QIAGEN to take impairment on deferred tax assets, informs on expected impacts of new U.S. tax law and other changes in global tax environment
Germantown, Maryland, and Hilden, Germany, December 22, 2017 – QIAGEN N.V. (NASDAQ: QGEN; Frankfurt Prime Standard: QIA) announces that, mainly as a consequence of the new U.S. tax legislation, it will take an after-tax charge on net income of approximately $110-120 million (or about $0.47-$0.52 per share) in the fourth quarter of 2017, and an additional after-tax charge in 2018 of approximately $7 million (or about $0.03 per share).
These charges, the vast majority of which involve non-cash items, do not affect QIAGEN's adjusted EPS forecast for the fourth quarter and full-year 2017, nor the forecast to be provided for full-year 2018 in January 2018, since these charges will be excluded from adjusted results.
For the charge in the fourth quarter of 2017, approximately $100-110 million of the write-off involve non-cash items related to deferred tax assets, revaluation of deferred tax liabilities and other tax provisions. QIAGEN has proactively initiated additional restructuring initiatives that will mitigate some of the impact of the new U.S. tax law. As a result, a new after-tax charge of approximately $10 million is planned to be taken in the fourth quarter of 2017. An additional after-tax charge of approximately $7 million is planned to be taken during 2018 related to these specific measures. QIAGEN notes that it has now completed its previously announced efficiency programs with these measures and does not expect any additional material non-M&A related restructuring charges in 2018.

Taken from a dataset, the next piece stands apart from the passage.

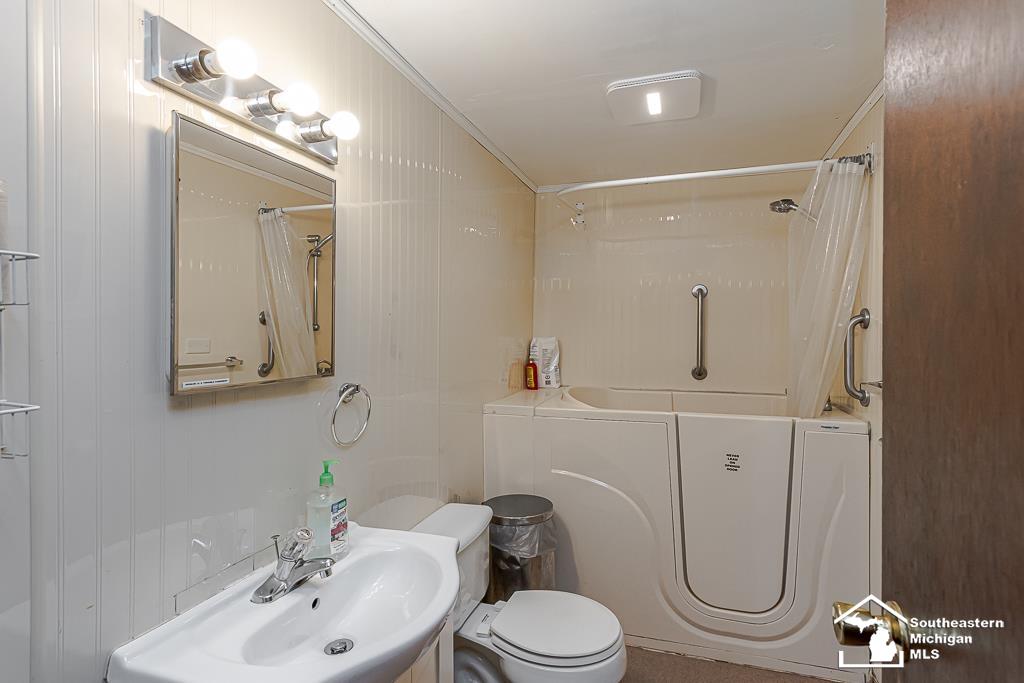 13838 Bayside Drive Property Photo 29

Based on an initial review of the new U.S. legislation, as well as the current global tax environment, QIAGEN currently expects a preliminary adjusted tax rate for full-year 2018 of approximately 20-21%, mainly due to the new U.S. limitations on interest deductions. This preliminary outlook for 2018 compares to an adjusted tax rate of approximately 17-18% expected for full-year 2017, and to a mid-term outlook provided at QIAGEN's analyst and investor day in November 2016 for an adjusted tax rate of approximately 19-20% in the period from 2018 to 2020.
QIAGEN plans to release further details when it reports results for the fourth quarter and full-year 2017, which is scheduled for January 31, 2018.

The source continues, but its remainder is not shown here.